The 2008 edition, Given Half a Chance: The Schott 50 State Report on Public Education and Black Males, details the drastic range of outcomes for Black males, especially the tragic results in many of the nation's biggest cities. Given Half a Chance also deliberately highlights the resource disparities that exist in schools attended by Black males and their White, non-Hispanic counterparts. The 2008 Schott report documents that states and most districts with large Black enrollments educate their White, non-Hispanic children, but do not similarly educate the majority of their Black male students.
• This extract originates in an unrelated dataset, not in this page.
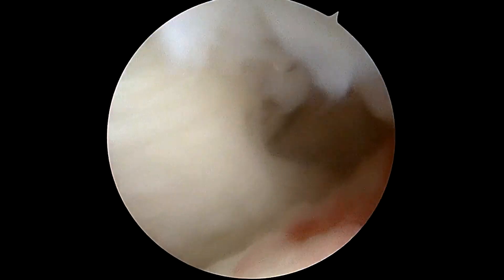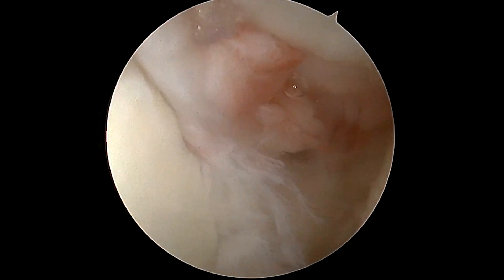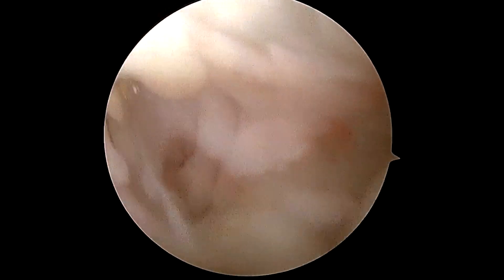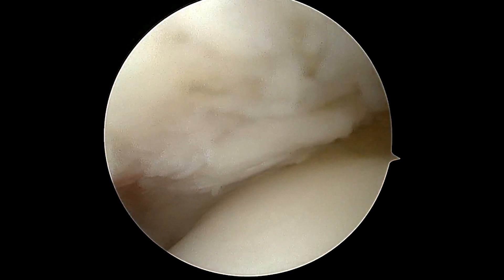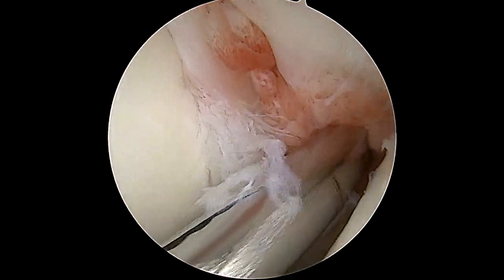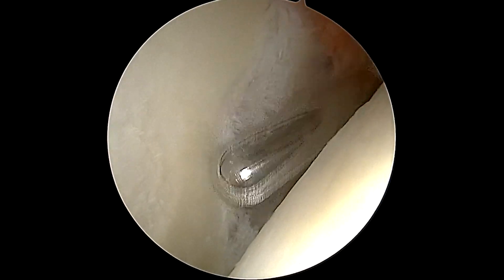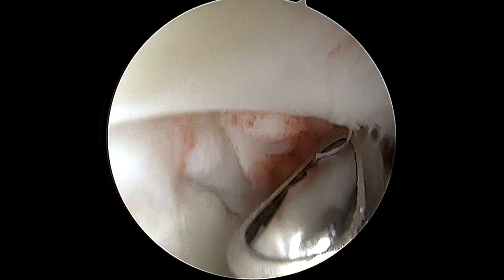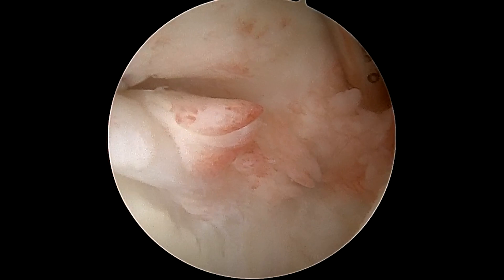Here we're performing our diagnostic arthroscopy. The camera is inserted from the back of the shoulder looking forward — we're looking at the glenohumeral joint. This particular area is looking at the subscapularis, which is the rotator cuff tendon in the front of the shoulder. We're looking more towards the rotator cuff tear up on the top right of the screen, and that just shows the full thickness tear. We insert a shaving instrument from the front part of the shoulder and debride any unhealthy, partially torn, degenerative, non-viable tissue that could cause pain or dysfunction later on.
Key examples:

  • More than half of Black males did not receive diplomas with their cohort in 2005/2006.
  • The state of New York has 3 of the 10 districts with the lowest graduation rates for Black males.
  • The one million Black male students enrolled in the New York, Florida, and Georgia public schools are twice as likely not to graduate with their class as to do so.
  • Delaware, Georgia, Illinois, Indiana, Michigan, South Carolina, and Wisconsin graduated fewer Black males with their peer group than the national average.
  • Illinois and Wisconsin have nearly 40-point gaps between how effectively they educate their Black and White non-Hispanic male students.

These trends, and others cited in Given Half a Chance, are evidence of a school-age population that is substantively denied an opportunity to learn, and of a nation at risk.

* Black students are defined by the U.S. Department of Education as "students having origins in any of the Black racial groups of Africa as reported by their school." Data in the Report are based on information from the U. S. Department of Education's National Center for Education Statistics and Office for Civil Rights, state departments of education and local school districts.

Full Report


Comments (2)

Patrick Groff
Said this on 7-26-2008 At 01:35 pm
The report refers to the "denial" to black students from low-income homes of a proper education. To the contrary, this expression should read: the strong antagonism toward formal instruction of black students from single-parent, low-income homes is the basic reason these youngsters do so poorly in school. Unless that adjustment in judgment about these black students is accepted, their educational futures will remain in peril.

Patrick Groff, Professor of Education Emeritus, San Diego State U.
Bill
Said this on 7-28-2008 At 04:58 pm
You cannot "educate" someone. You can provide an opportunity for someone to work towards an education. This is another example of someone or some organization trying to use racism as an excuse for those who have failed to put in the work needed to do well in school.